THOUSANDS of riot police have been rushed to Moscow and St Petersburg to quell the anger on the streets following last Sunday’s disputed parliamentary elections, which many claim were rigged by the government. Though the front of Kremlin strongman Vladimir Putin was once again returned to office his United Russia party had its overall majority cut to 13 seats in the State Duma, the Russian parliament.

Though the ruling party lost ten per cent of its vote Putin still regarded it as a good result. “There were losses but it’s inevitable for any political force, especially the one that has been ruling the country for years,” the Russian premier said.

Putin’s party retains 238 seats in the Duma, down 77 from the last election in 2007. The Communist Party of the Russian Federation (CPRF), the biggest communist movement in the country and the traditional leader of the opposition in parliament, won an extra 35 seats.

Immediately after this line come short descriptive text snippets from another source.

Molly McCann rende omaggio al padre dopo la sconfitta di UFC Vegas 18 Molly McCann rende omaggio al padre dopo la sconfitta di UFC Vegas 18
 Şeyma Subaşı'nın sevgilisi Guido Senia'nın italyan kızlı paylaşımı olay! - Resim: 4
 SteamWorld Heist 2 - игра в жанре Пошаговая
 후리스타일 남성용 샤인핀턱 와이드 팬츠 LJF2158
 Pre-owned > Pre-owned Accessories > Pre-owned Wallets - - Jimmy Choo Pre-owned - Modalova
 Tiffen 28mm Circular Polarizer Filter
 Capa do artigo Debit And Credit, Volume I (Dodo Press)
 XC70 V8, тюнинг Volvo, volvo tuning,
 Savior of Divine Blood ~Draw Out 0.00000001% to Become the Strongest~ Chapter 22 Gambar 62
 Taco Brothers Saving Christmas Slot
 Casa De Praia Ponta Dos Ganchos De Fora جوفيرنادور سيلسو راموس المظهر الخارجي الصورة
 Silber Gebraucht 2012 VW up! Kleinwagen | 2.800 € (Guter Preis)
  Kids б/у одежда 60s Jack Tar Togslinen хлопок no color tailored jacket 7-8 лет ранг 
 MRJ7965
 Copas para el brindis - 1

But the communists still trail well behind with just 92 members in the new parliament. The social-democratic Just Russia party came third with 64, up 26 on 2007 and the nationalist bloc that is misleadingly called the Liberal Democrats was up 16 with 56 seats in the new legislature.

Though the country is the world’s leading natural gas exporter and the second leading oil exporter Russia has not been immune from the global economic crisis that has plunged the entire capitalist world into the deepest slump since the great crash of 1929. While the oligarchs, spivs and profiteers who work with the government rake in millions of roubles, working people struggle to survive.

Putin’s party is now facing a backlash of anger at the corruption, nepotism and inefficiency that the opposition say starts right at the top.

The protests in Moscow have been led by the vocal middle strata pressure groups much loved by the ruling class of western Europe and the United States whose interests they serve. They have been publicly backed by the United States.

And former Soviet leader Mikhail Gorbachev, the man who presided over the counter-revolution that destroyed the USSR, has jumped on the band-wagon to call on the Russian authorities to acknowledge the recent street protests, annul the results of Sunday’s parliamentary election and hold a new poll.

But complaints about ballot rigging go far beyond the human rights gang. Communist leader Gennady Zyuganov says he had not seen so many violations even during Yeltsin’s stay in power and CPRF leaders maintain they were robbed of a third of their votes by corrupt officials working for Putin.